TASK: Only the lines from the one containing "Decorative domestic glassware: to" to the end of the material are to be copied, exactly and in full; images stay out.

SUPPLIED DATA:
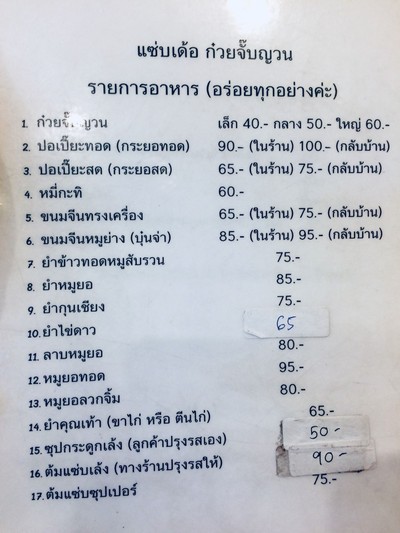 ป้ายราคาหรือสมุดเมนู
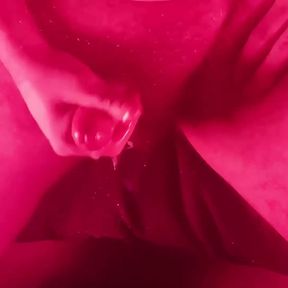 Masturbating with an Overhead View with Nice Red Lights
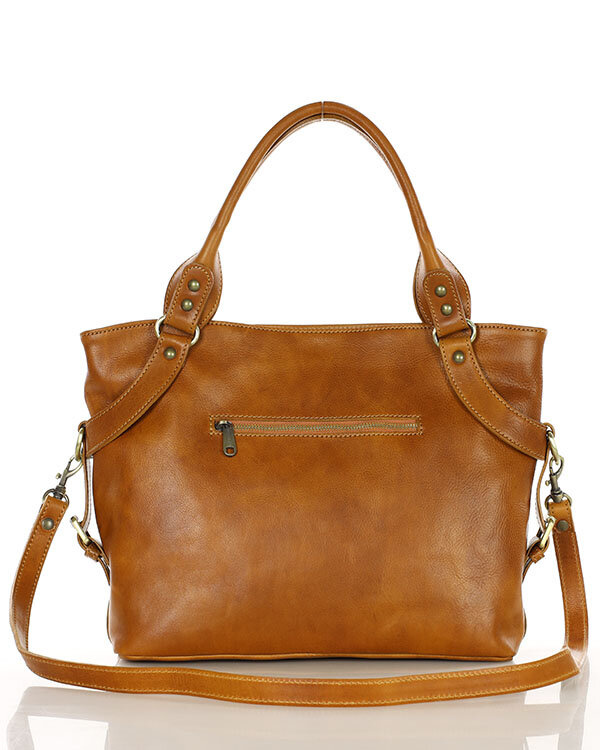 Torebka biznesowa damska kuferek skórzany premium bag - MARCO MAZZINI camel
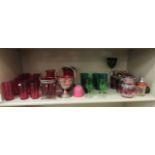 Decorative domestic glassware: to include ten similar cranberry glass beakers;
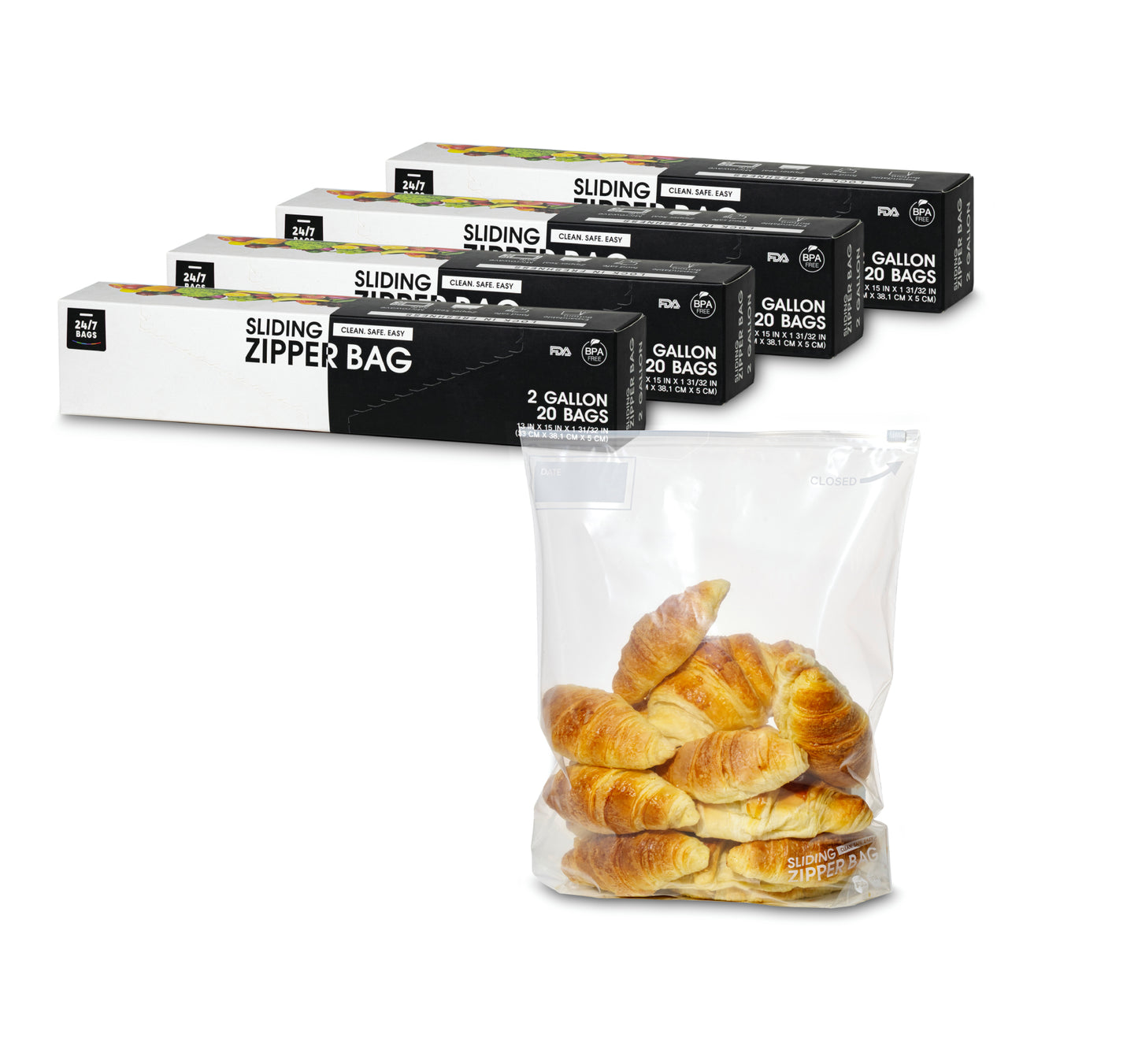 Slider Stand Up Food Storage Bags, 2 Gallons XL- 640 Count (8 Units of 80)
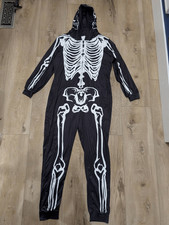 Skeleton One Pc Pajama Womens Medium Zip Up Halloween Costume Cozy Kigurumi NWOT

SOLUTION TO THE EXERCISE:
 Decorative domestic glassware: to include ten similar cranberry glass beakers;
 Slider Stand Up Food Storage Bags, 2 Gallons XL- 640 Count (8 Units of 80)
 Skeleton One Pc Pajama Womens Medium Zip Up Halloween Costume Cozy Kigurumi NWOT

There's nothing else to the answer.